En la escuela te dicen lo que está bien y lo que está mal. Te quieren enseñar a que seas como otros. A repetir consignas y lemas vacíos. Te delimitan lo que tienes y lo que no tienes que aprender. Lo que debes y no debes creer.
Después viene el trabajo, donde debes cumplir un horario, firmar una tarjeta en donde te controlan. Muchas veces debes acatar decisiones de un jefe mediocre, que inclusive, pretende dictar cátedra sobre laboriosidad y usa una frasecita odiosa llamada “sentido de pertenencia” para manipularte y que hagas lo que él quiere. Ah, y debes pertenecer a esto y a aquello.
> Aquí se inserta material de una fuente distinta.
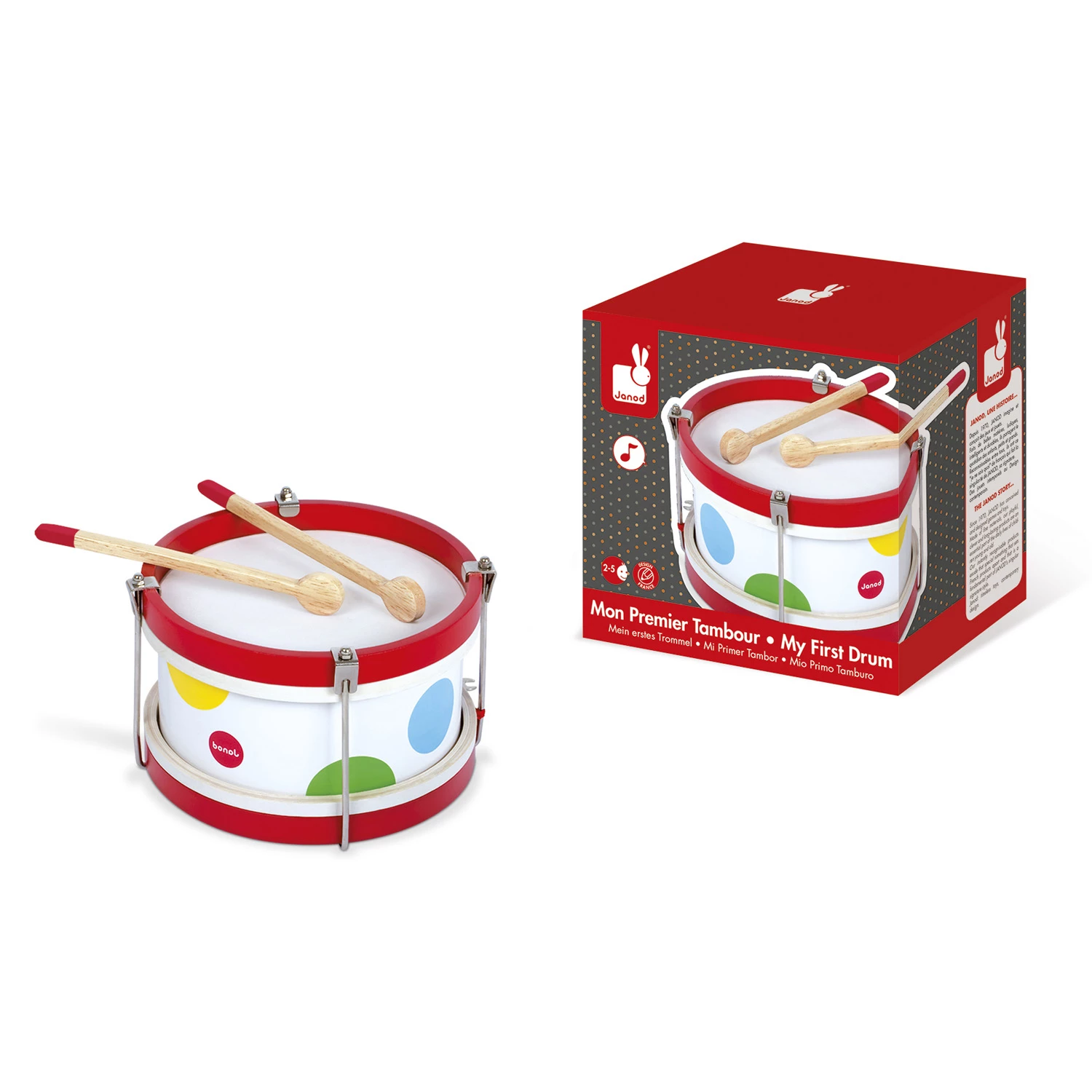 Janod Tambour Confetti â Image 3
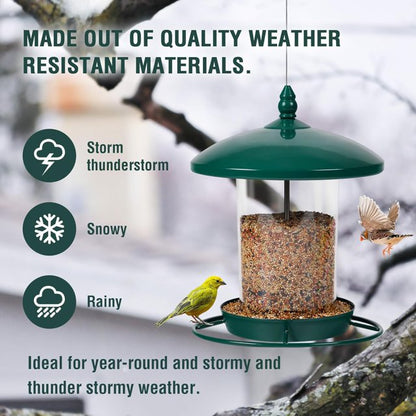 Bird Feeders for Outdoors Hanging Bird Feeder Wild Bird Seed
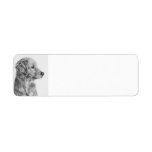 Golden Retriever Puppy Profile Labels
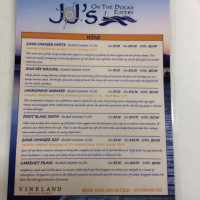 Jj's On The Docks Eatery Grimsby menu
Al fin te casas, muchas veces ni siquiera por amor, sino porque los años pasan y alguien te dijo que hay que tener hijos y como temes a la soledad…. En el matrimonio aguantas muchas cosas, te niegas de hacer otras, lo más seguro es que te dejan o terminas divorciándote. Después buscas pareja nuevamente porque te enseñaron que tu felicidad depende de la compañía de otro y no de ti.
Luego viene la vejez. Una jubilación con mísera pensión derivada de ese salario igual de miserable que devengabas en tu época laboral…hasta que te mueres y pasados unos años nadie se acuerda de ti. Es más, quizás la foto aquella tuya que estaba en la sala, tu nieta la quitó para sustituirla por el artista del momento, y tu hijo o hija, ni siquiera se opuso porque “es la niña de la casa”.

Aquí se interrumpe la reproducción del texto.